Items listed in a dataset:

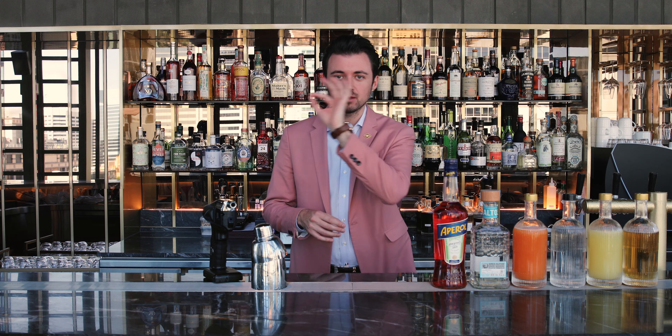Ciao, my name is Andrea and welcome to Dean and Nancy. Today I'm going to show you how to make a summer refreshing cocktail, the rock melon mint margarita.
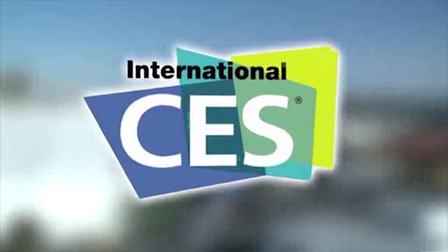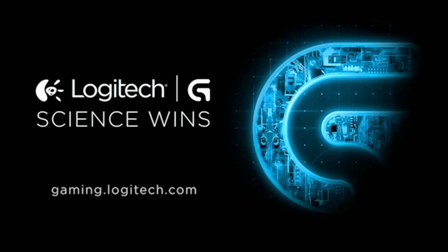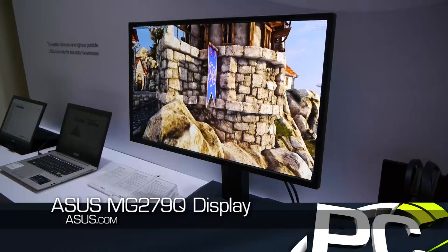PC Perspective's coverage of CES 2015 is brought to you by Logitech. See the latest gaming peripherals at gaming.logitech.com. Hey everyone, Ryan Shroud here from PC Perspective at CES 2015, checking out another Asus monitor. This is the MG279Q.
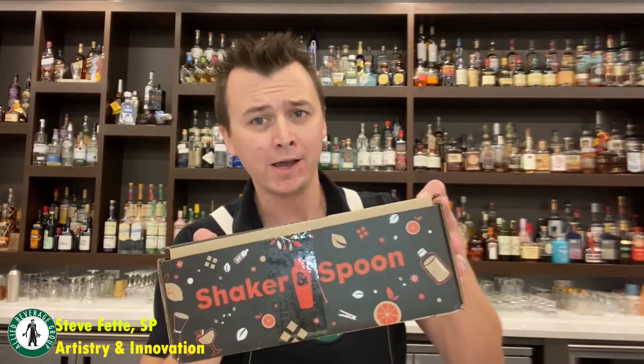Hi, I'm Steve Fetty, Manager of Artistry and Innovation for Allied Beverage Group. And after a long day of shaking and stirring, I'm grateful that my friends at ShakerAndSpoon.com developed these monthly cocktail kits where all I need to do is add a bottle.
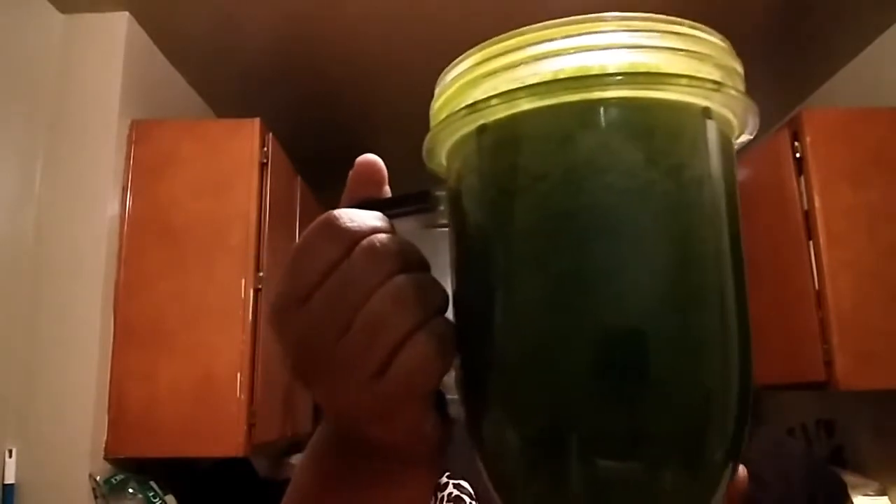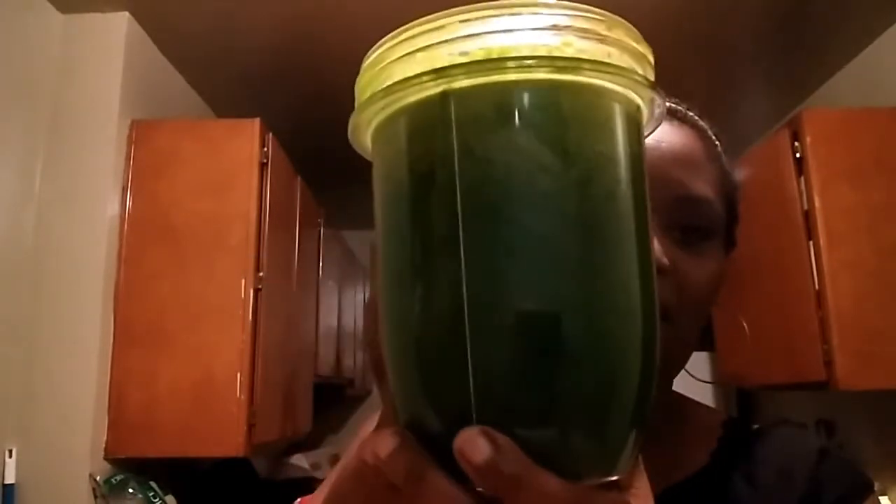Okay, so I blended it up and it's really, really green, as you can tell. I didn't close the top tight enough, so it kind of spilt inside of the blender blade. So I have to get that out, but this is the way it looks. This is my breakfast. I know my body is craving to be detoxed and it's craving some iron. So let's see how this tastes — maybe I might need to add some more pineapple juice for a little bit of sweetness, but I'm going to try to drink it the way it is.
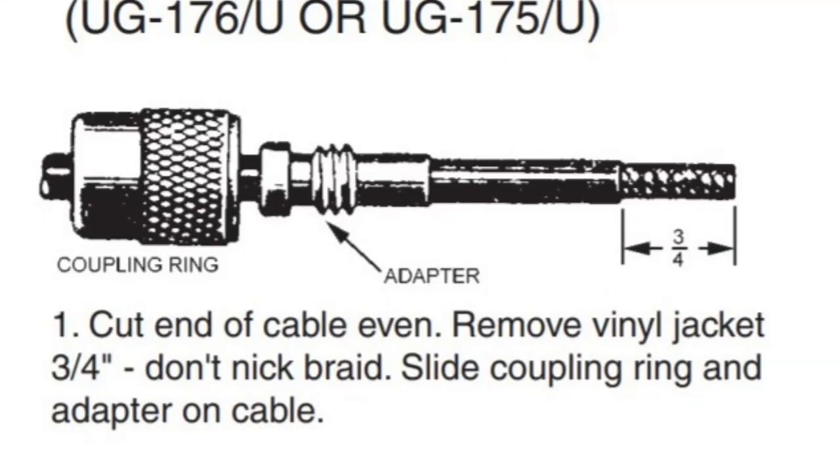Looking at the instructions: step one, cut the end of the cable even; remove the vinyl jacket three-quarters of an inch, don't nick the braid; slide the coupling ring and adapter on the cable. I'll tell you right now it is easier to slide the coupling ring and adapter on before you cut. We're going to measure three-quarters of an inch, which is 0.75 inches. There is three-quarters of an inch — I'm going to make it just a little bit long because it'll just stick out the end and I can cut it off.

Problem statement: Both ends included, copy word for word the lines from the top of the entries above through the line with "Okay, so I blended". No pictures.

Exercise solution:
Ciao, my name is Andrea and welcome to Dean and Nancy. Today I'm going to show you how to make a summer refreshing cocktail, the rock melon mint margarita.
PC Perspective's coverage of CES 2015 is brought to you by Logitech. See the latest gaming peripherals at gaming.logitech.com. Hey everyone, Ryan Shroud here from PC Perspective at CES 2015, checking out another Asus monitor. This is the MG279Q.
Hi, I'm Steve Fetty, Manager of Artistry and Innovation for Allied Beverage Group. And after a long day of shaking and stirring, I'm grateful that my friends at ShakerAndSpoon.com developed these monthly cocktail kits where all I need to do is add a bottle.
Okay, so I blended it up and it's really, really green, as you can tell. I didn't close the top tight enough, so it kind of spilt inside of the blender blade. So I have to get that out, but this is the way it looks. This is my breakfast. I know my body is craving to be detoxed and it's craving some iron. So let's see how this tastes — maybe I might need to add some more pineapple juice for a little bit of sweetness, but I'm going to try to drink it the way it is.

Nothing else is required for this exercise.